_Work task_. Output the listing below in full, exactly as written.

_Extracted records_.
....................

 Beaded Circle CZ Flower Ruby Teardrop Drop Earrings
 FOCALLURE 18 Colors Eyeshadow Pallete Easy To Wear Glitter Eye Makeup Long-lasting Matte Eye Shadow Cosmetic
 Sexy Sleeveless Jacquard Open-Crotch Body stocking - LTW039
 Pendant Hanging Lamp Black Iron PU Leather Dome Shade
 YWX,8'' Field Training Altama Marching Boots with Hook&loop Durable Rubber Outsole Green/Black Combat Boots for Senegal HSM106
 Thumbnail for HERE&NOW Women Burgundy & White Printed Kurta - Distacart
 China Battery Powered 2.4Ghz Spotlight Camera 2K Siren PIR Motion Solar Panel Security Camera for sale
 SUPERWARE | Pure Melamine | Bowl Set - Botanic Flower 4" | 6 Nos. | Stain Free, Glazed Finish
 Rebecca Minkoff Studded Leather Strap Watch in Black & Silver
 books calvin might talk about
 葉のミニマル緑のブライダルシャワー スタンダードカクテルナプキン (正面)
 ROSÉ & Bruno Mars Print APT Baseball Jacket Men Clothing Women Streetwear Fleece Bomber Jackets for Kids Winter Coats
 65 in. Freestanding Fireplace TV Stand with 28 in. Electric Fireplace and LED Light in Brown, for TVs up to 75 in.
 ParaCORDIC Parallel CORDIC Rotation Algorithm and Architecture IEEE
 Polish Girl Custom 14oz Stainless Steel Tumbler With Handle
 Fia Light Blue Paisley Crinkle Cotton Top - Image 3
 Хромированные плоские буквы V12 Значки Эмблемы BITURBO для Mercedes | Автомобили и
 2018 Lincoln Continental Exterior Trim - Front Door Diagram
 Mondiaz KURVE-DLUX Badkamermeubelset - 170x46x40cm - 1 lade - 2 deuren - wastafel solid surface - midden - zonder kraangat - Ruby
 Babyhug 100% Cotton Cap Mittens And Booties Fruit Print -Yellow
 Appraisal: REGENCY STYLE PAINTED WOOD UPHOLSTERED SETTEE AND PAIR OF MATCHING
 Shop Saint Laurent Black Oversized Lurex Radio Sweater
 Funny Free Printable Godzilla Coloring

....................

_Response_.
 Beaded Circle CZ Flower Ruby Teardrop Drop Earrings
 FOCALLURE 18 Colors Eyeshadow Pallete Easy To Wear Glitter Eye Makeup Long-lasting Matte Eye Shadow Cosmetic
 Sexy Sleeveless Jacquard Open-Crotch Body stocking - LTW039
 Pendant Hanging Lamp Black Iron PU Leather Dome Shade
 YWX,8'' Field Training Altama Marching Boots with Hook&loop Durable Rubber Outsole Green/Black Combat Boots for Senegal HSM106
 Thumbnail for HERE&NOW Women Burgundy & White Printed Kurta - Distacart
 China Battery Powered 2.4Ghz Spotlight Camera 2K Siren PIR Motion Solar Panel Security Camera for sale
 SUPERWARE | Pure Melamine | Bowl Set - Botanic Flower 4" | 6 Nos. | Stain Free, Glazed Finish
 Rebecca Minkoff Studded Leather Strap Watch in Black & Silver
 books calvin might talk about
 葉のミニマル緑のブライダルシャワー スタンダードカクテルナプキン (正面)
 ROSÉ & Bruno Mars Print APT Baseball Jacket Men Clothing Women Streetwear Fleece Bomber Jackets for Kids Winter Coats
 65 in. Freestanding Fireplace TV Stand with 28 in. Electric Fireplace and LED Light in Brown, for TVs up to 75 in.
 ParaCORDIC Parallel CORDIC Rotation Algorithm and Architecture IEEE
 Polish Girl Custom 14oz Stainless Steel Tumbler With Handle
 Fia Light Blue Paisley Crinkle Cotton Top - Image 3
 Хромированные плоские буквы V12 Значки Эмблемы BITURBO для Mercedes | Автомобили и
 2018 Lincoln Continental Exterior Trim - Front Door Diagram
 Mondiaz KURVE-DLUX Badkamermeubelset - 170x46x40cm - 1 lade - 2 deuren - wastafel solid surface - midden - zonder kraangat - Ruby
 Babyhug 100% Cotton Cap Mittens And Booties Fruit Print -Yellow
 Appraisal: REGENCY STYLE PAINTED WOOD UPHOLSTERED SETTEE AND PAIR OF MATCHING
 Shop Saint Laurent Black Oversized Lurex Radio Sweater
 Funny Free Printable Godzilla Coloring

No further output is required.